Cooked indirect with Royal Oak and apple wood in the 245º-260º range until it hit 160º.








Also threw on THE BEST corn I've had all year, FINALLY!





Resting and almost ready to slice.






















My sandwich piled high!  Gotta do two workouts today to make up for this!


----------



## Nick Prochilo (Aug 22, 2010)

Uhmm, better make it 3 work outs! That was the best looking meal posted here this weekend! Was this a personal best time for you?  Tell us more about your workout routine!


----------



## LarryWolfe (Aug 22, 2010)

Nick Prochilo said:
			
		

> Uhmm, better make it 3 work outs! That was the best looking meal posted here this weekend!
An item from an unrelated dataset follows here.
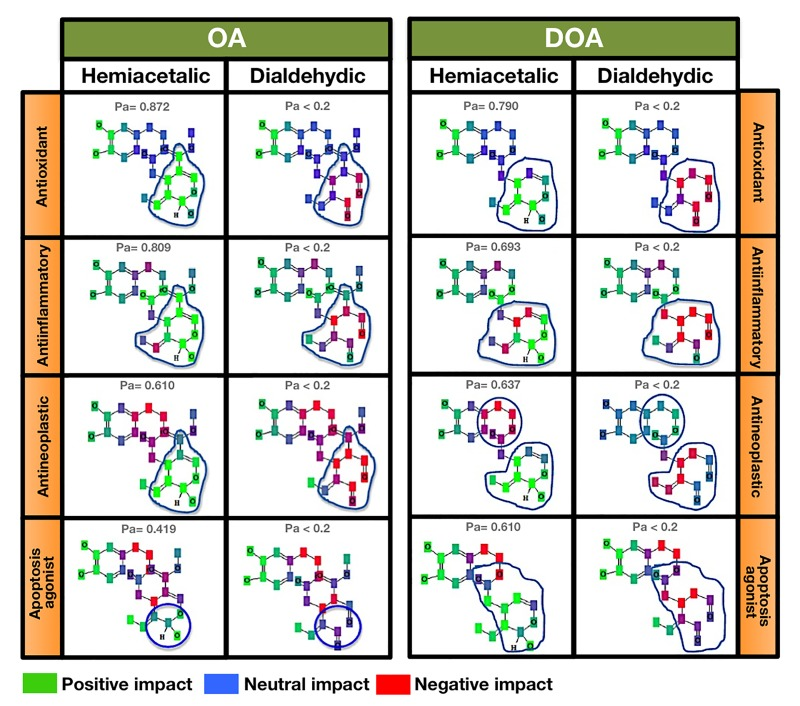 Contributions of particular atoms to the gerosuppressant activities of OA and DOA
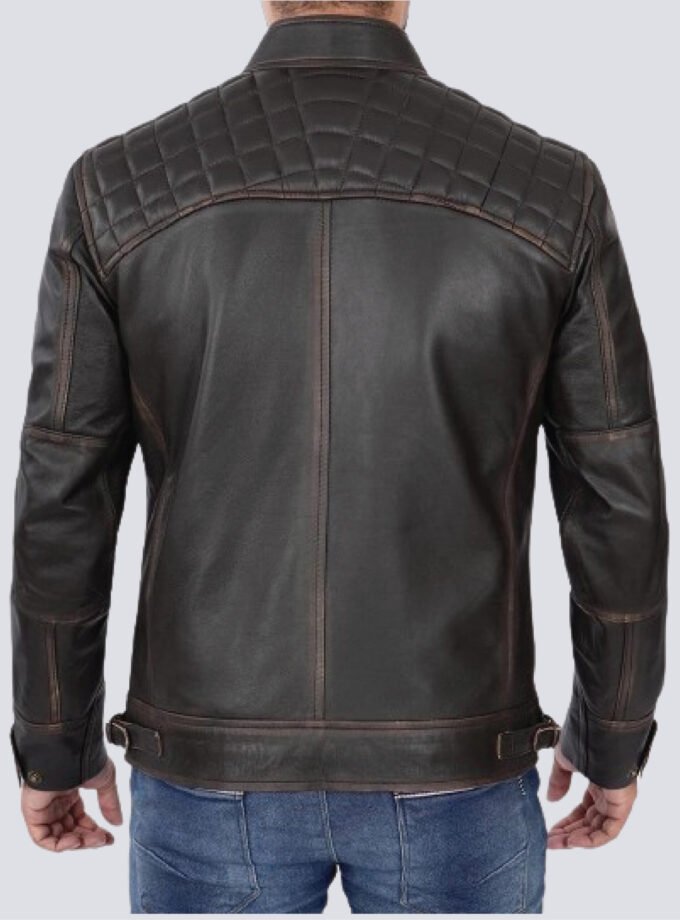 Mens Cafe Racer Distressed Brown Leather Jacket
Was this a personal best time for you?  Tell us more about your workout routine!



Took about 12 beers or 3 hours, however you want to time it.

Right now I do 1 hour on a Vitaglide on level 3-4 everyday.


----------



## Pigs On The Wing BBQ (Aug 22, 2010)

Larry has hit one out of the park again. Boy, does that look tasty. Nap time after that meal.  

Pigs


----------



## Captain Morgan (Aug 22, 2010)

dang that looks juicy!  keep eating!  4 workouts!


----------



## bbquzz (Aug 22, 2010)

All looks good Larry. Better get all the good corn you can now, I think we are on the downhill slide for good fresh corn.


----------



## Vermin999 (Aug 22, 2010)

Great looking meal!!


----------



## ronbeaux50 (Aug 22, 2010)

Nice job Larry!!!


----------



## Smokey Lew (Aug 22, 2010)

Hey Larry, I had to call my wife over to the computer to take a look at your sandwich . . .   That was her expression. Women just don't get it!


----------